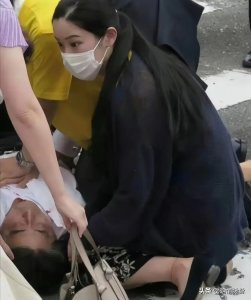 ​安倍晋三的夫人安倍昭惠，虽生活有点放浪不羁，但家世非常显赫
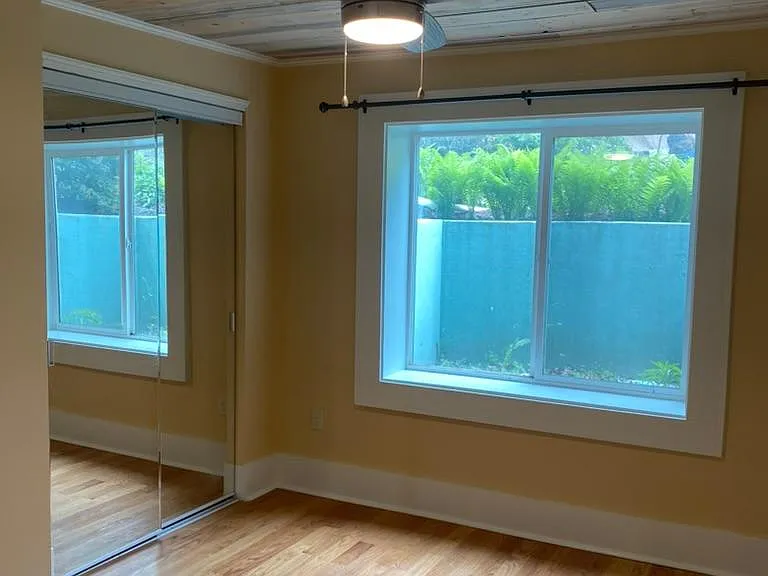 3865 Holdrege St #2 — Photo 9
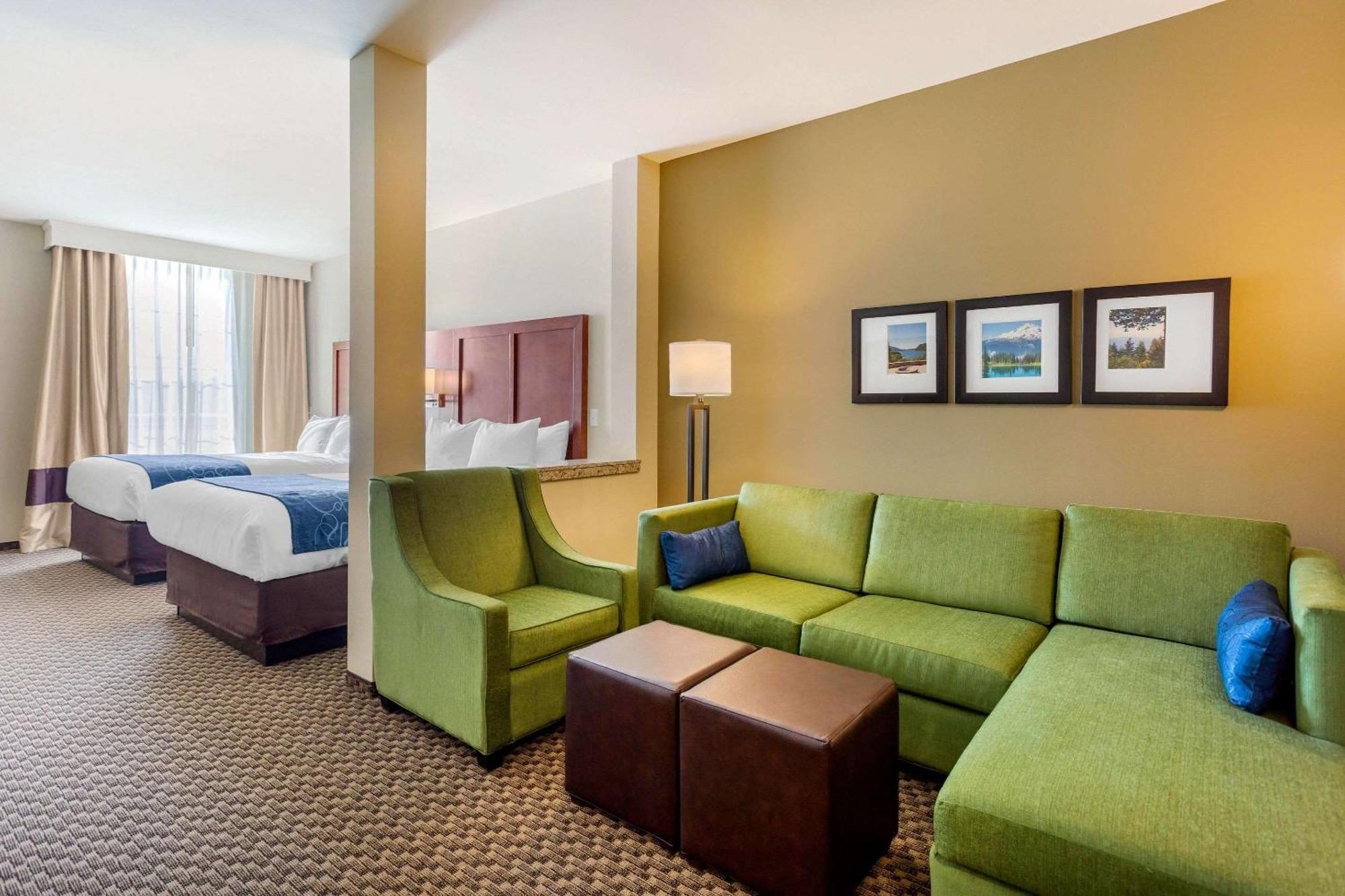 Comfort Suites Burlington Near I-5 Bagian luar foto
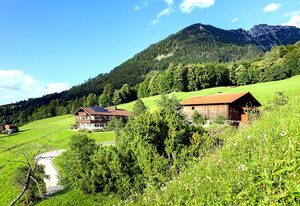 Urlaubshof Kranvogllehen – Ferienwohnung Watzmann mit separaten Schlafzimmer, Wohnküche, Bad mit Dusche/WC und Balkon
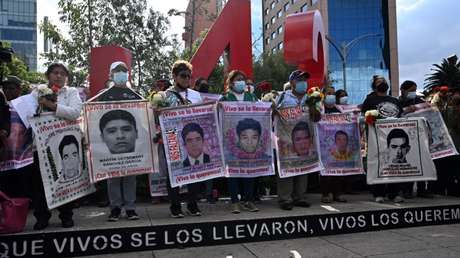 Grupo de expertos del caso Ayotzinapa denuncia mentiras y contradicciones en la investigación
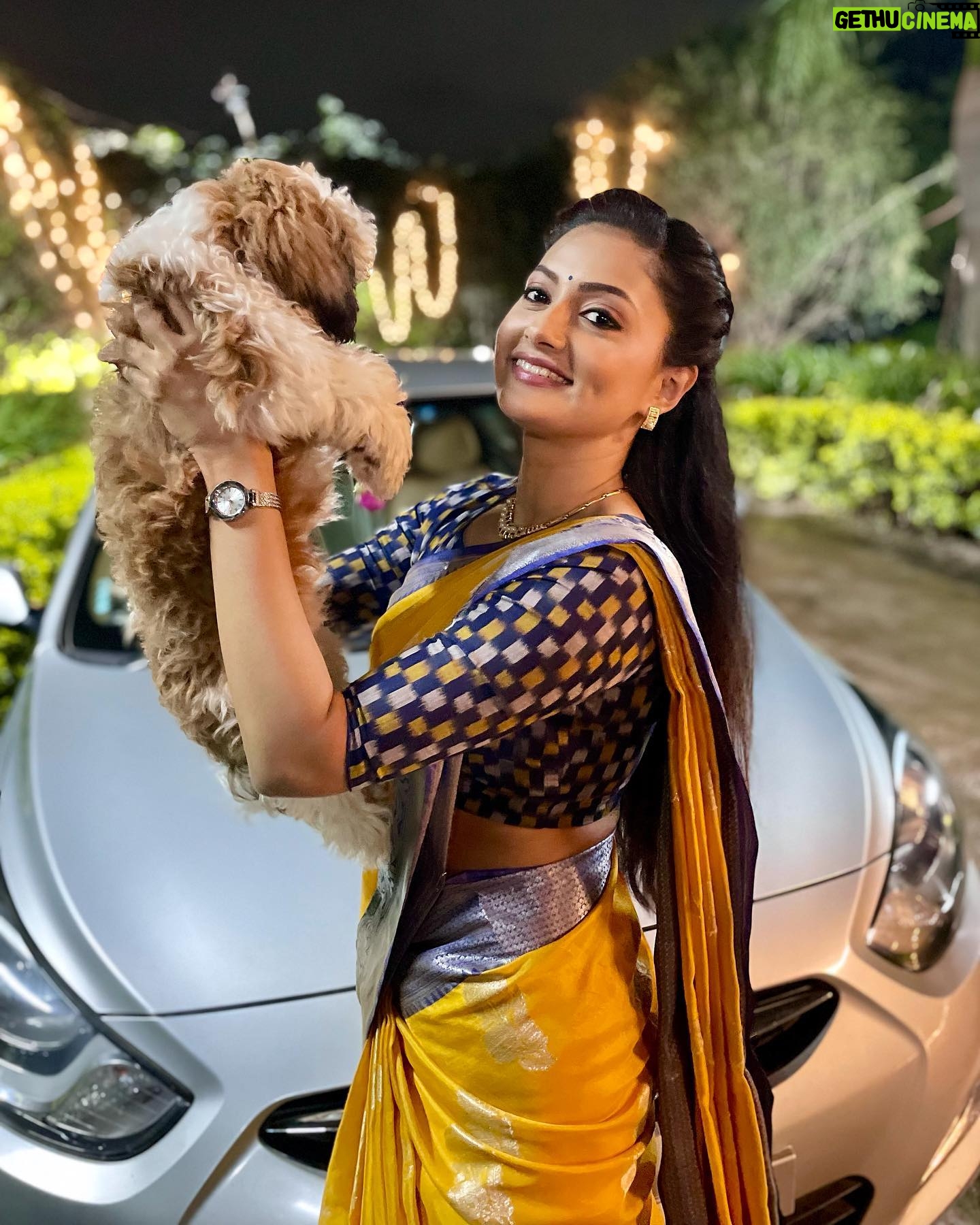 Debjani Modak Instagram - Can’t escape the pup- arazzi.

- - - - -

* [WHAT THIS TASK INVOLVES] Retype the data above in full, exactly as it stands, and skip any image.

* [WRITTEN ANSWER]
 ​安倍晋三的夫人安倍昭惠，虽生活有点放浪不羁，但家世非常显赫
 3865 Holdrege St #2 — Photo 9
 Comfort Suites Burlington Near I-5 Bagian luar foto
 Urlaubshof Kranvogllehen – Ferienwohnung Watzmann mit separaten Schlafzimmer, Wohnküche, Bad mit Dusche/WC und Balkon
 Grupo de expertos del caso Ayotzinapa denuncia mentiras y contradicciones en la investigación
 Debjani Modak Instagram - Can’t escape the pup- arazzi.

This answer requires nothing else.